(Data excerpts)
----------

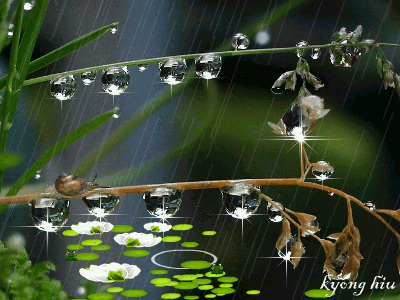 bad-day01.gif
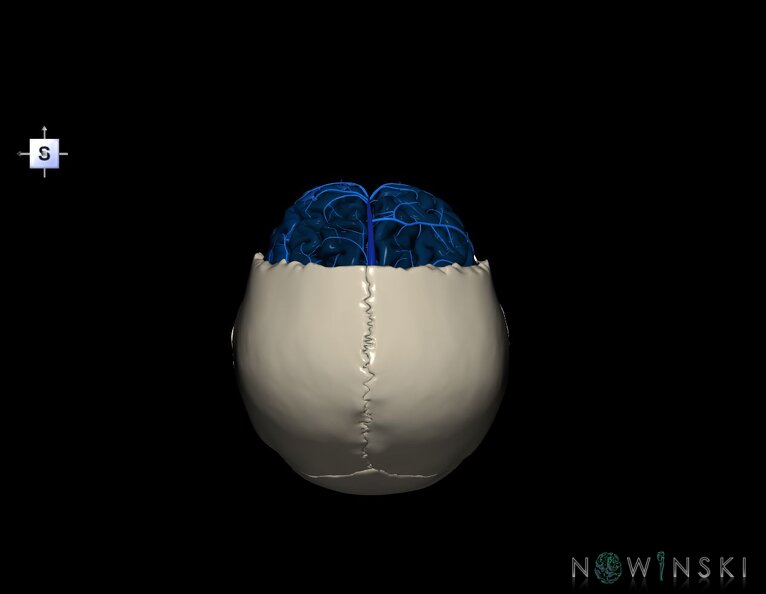 G8.T3.1-16.1-22.2_22.5.3.V5.C3-2.L0.Cerebrum-Intracranial_venous_system-Neurocranium-No_frontal_bone.tiff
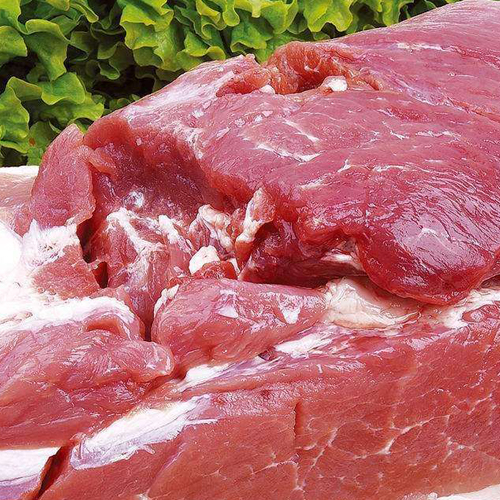 蒸汽发生器让你吃上健康安全的肉制品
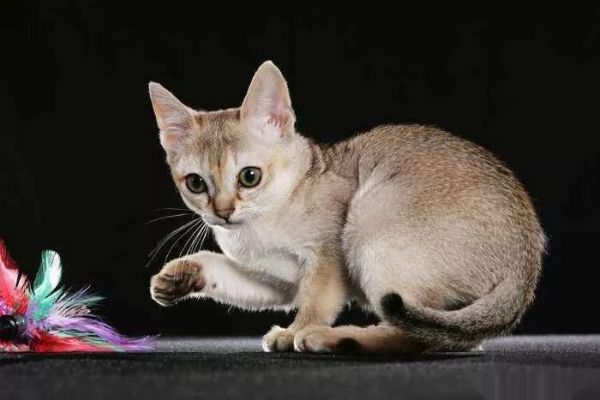 新加坡猫的挑选指南，铲屎官们快来get呀！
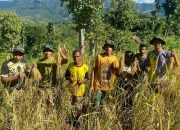 Satgas Pamtas RI–RDTL Sektor Barat Yonarhanud 15/DBY Mendukung Program Ketahanan pangan di Perbatasan Timor Leste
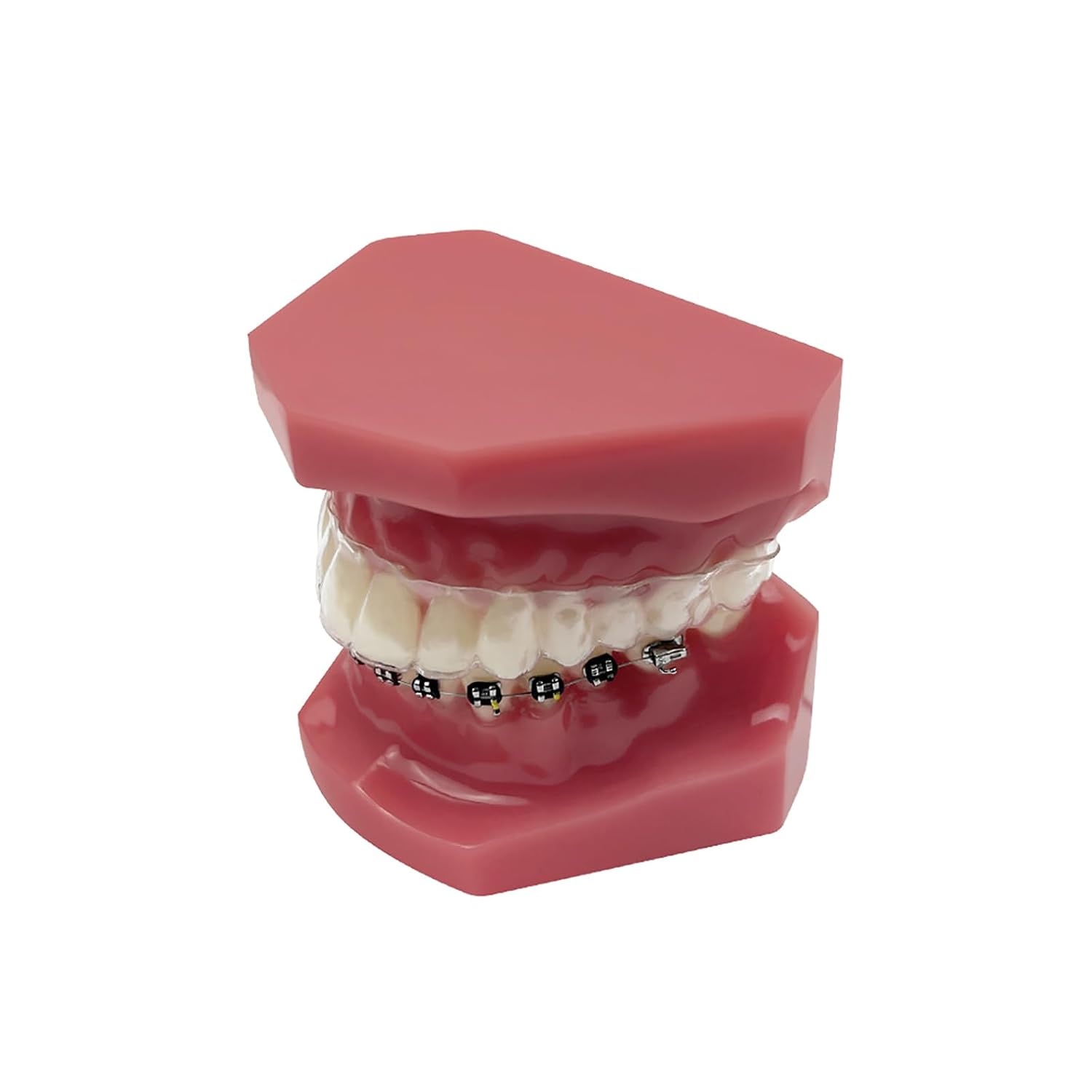 Invisible Orthodontic Tooth Model YOUYA DENTAL Dental Teaching Teeth Model with Metal Braces Bracket for Dentist Teaching Tools to Display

----------

__Exercise prompt__
In the records above, find the line containing "Satgas Pamtas RI–RDTL". Reproduce it and every line after it through the last line, omitting pictures.

__Exercise result__
 Satgas Pamtas RI–RDTL Sektor Barat Yonarhanud 15/DBY Mendukung Program Ketahanan pangan di Perbatasan Timor Leste
 Invisible Orthodontic Tooth Model YOUYA DENTAL Dental Teaching Teeth Model with Metal Braces Bracket for Dentist Teaching Tools to Display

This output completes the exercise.